PROBLEM REQUIREMENTS:
Below are records to repeat exactly. Omit the pictures from the copy.

Brief descriptive captions:
──────────

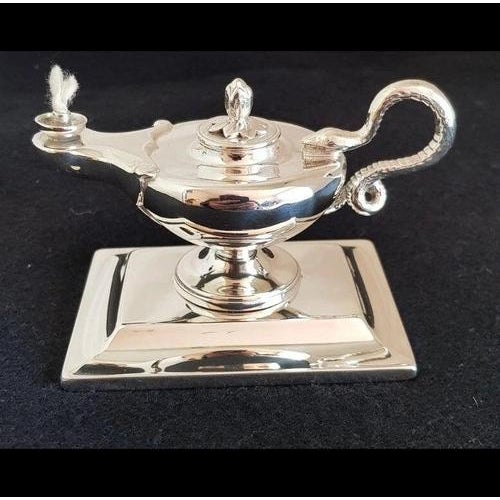 Vintage Sterling Silver Table Cigar Lighter from Barnard & Sons, 1933 For Sale - Image 11 of 18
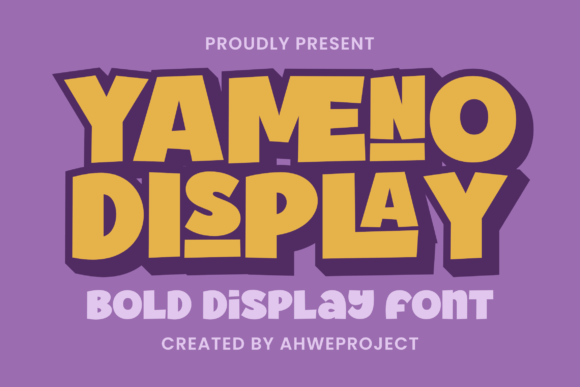 Yameno Font: A Playful Display Typeface for Editorial Design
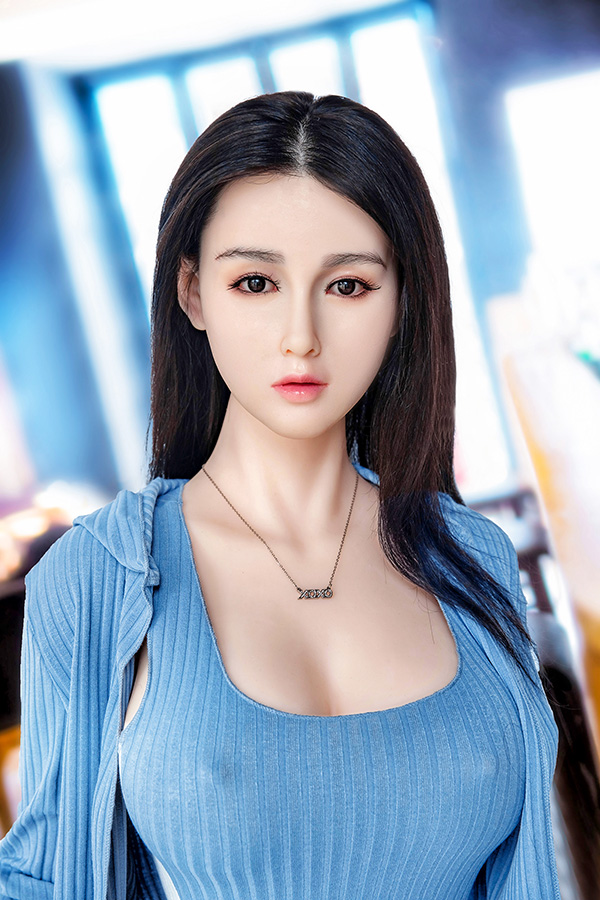 Picture of New Asian Mature Silicone Head Sex Doll Muriel 168cm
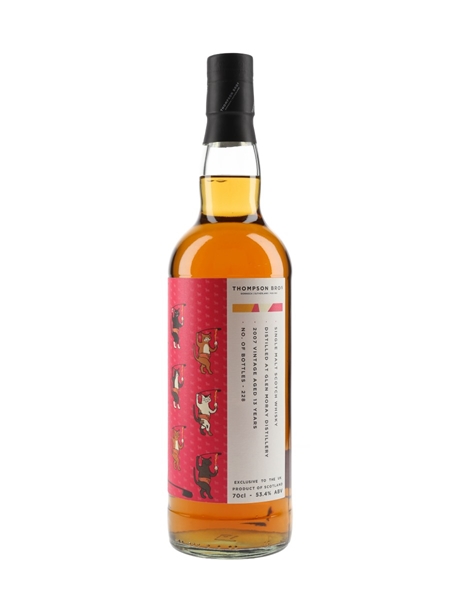 Glen Moray 2007 13 Year Old Thompson Bros - UK Exclusive 70cl / 53.4%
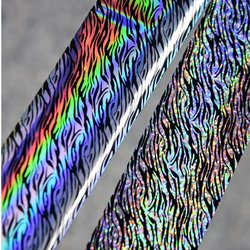 2pcs 100cm Laser Nail Transfer Foil Zebra Pattern Nail Art Foils Paper For Nail Decoration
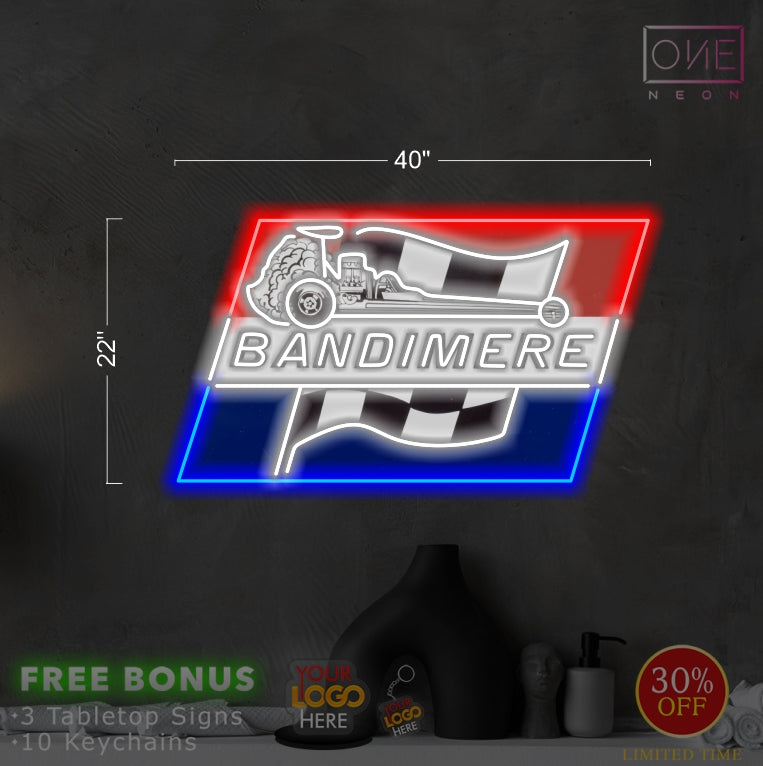 Enseigne néon LED œuvre d'art Tatoueur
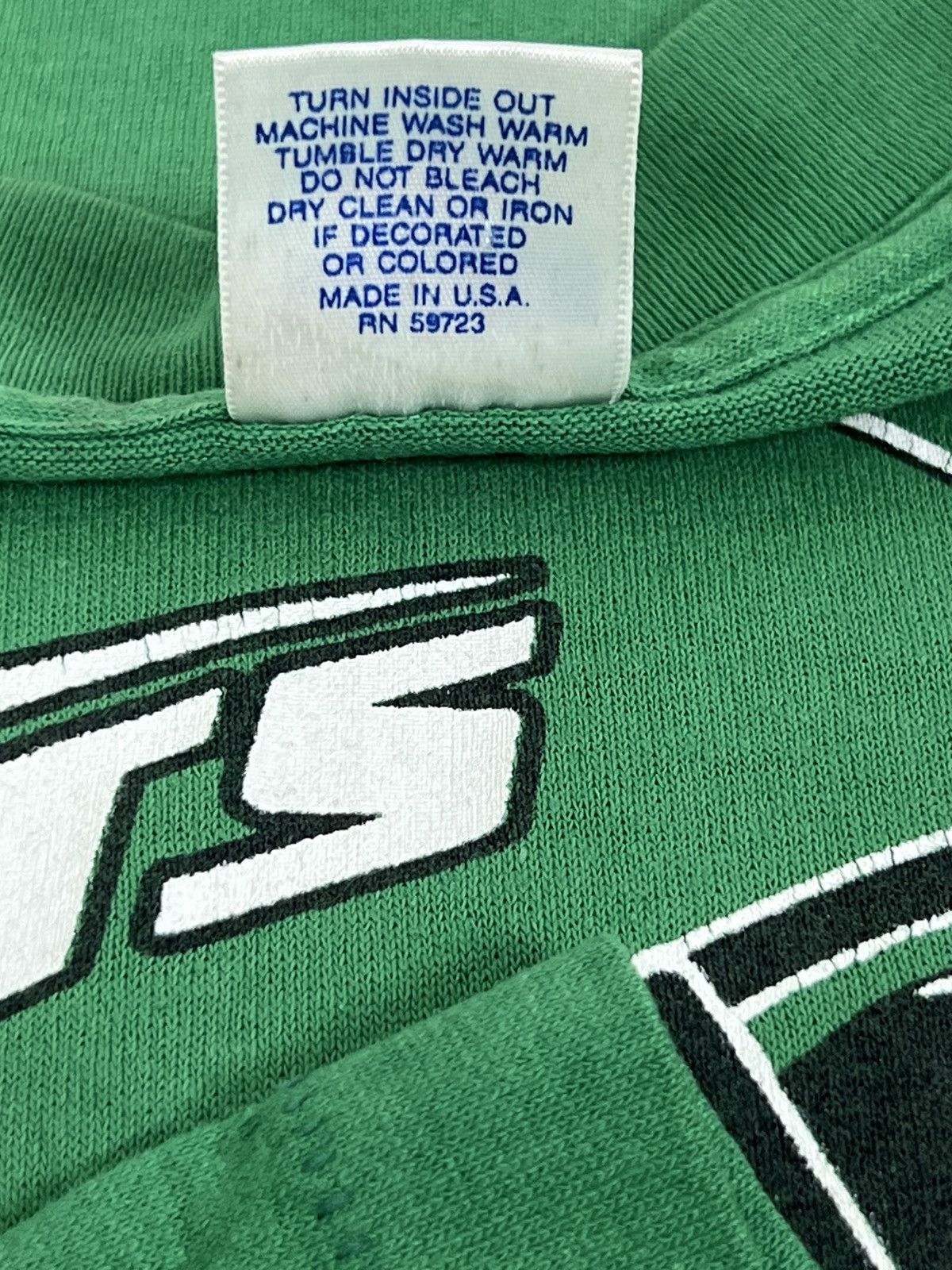 NFL 90s Vintage New York Jets Shirt Size US XL / EU 56 / 4 - 7 Thumbnail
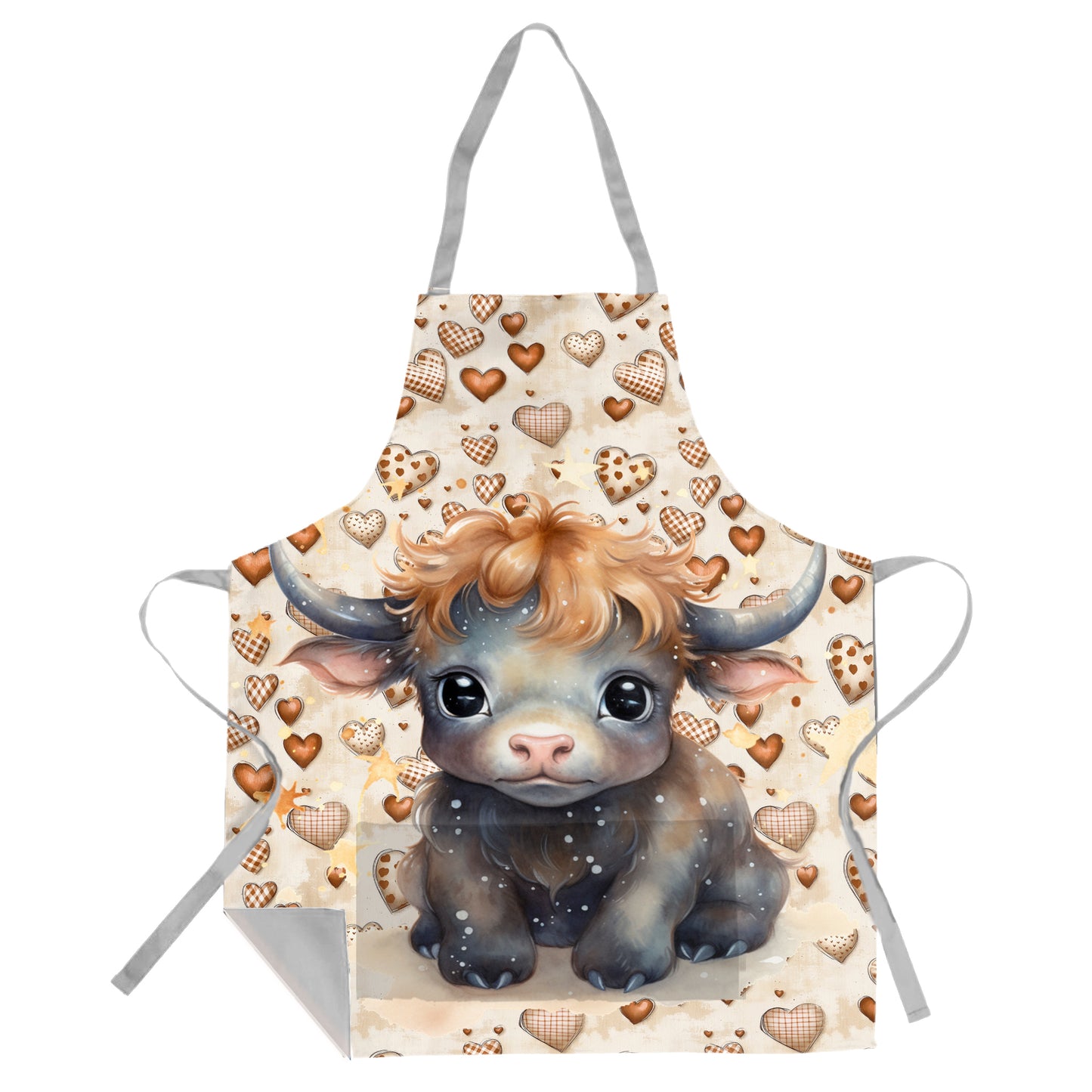 Cute Bull Hearts Apron by Mark van Vuuren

──────────

OUTPUT:
 Vintage Sterling Silver Table Cigar Lighter from Barnard & Sons, 1933 For Sale - Image 11 of 18
 Yameno Font: A Playful Display Typeface for Editorial Design
 Picture of New Asian Mature Silicone Head Sex Doll Muriel 168cm
 Glen Moray 2007 13 Year Old Thompson Bros - UK Exclusive 70cl / 53.4%
 2pcs 100cm Laser Nail Transfer Foil Zebra Pattern Nail Art Foils Paper For Nail Decoration
 Enseigne néon LED œuvre d'art Tatoueur
 NFL 90s Vintage New York Jets Shirt Size US XL / EU 56 / 4 - 7 Thumbnail
 Cute Bull Hearts Apron by Mark van Vuuren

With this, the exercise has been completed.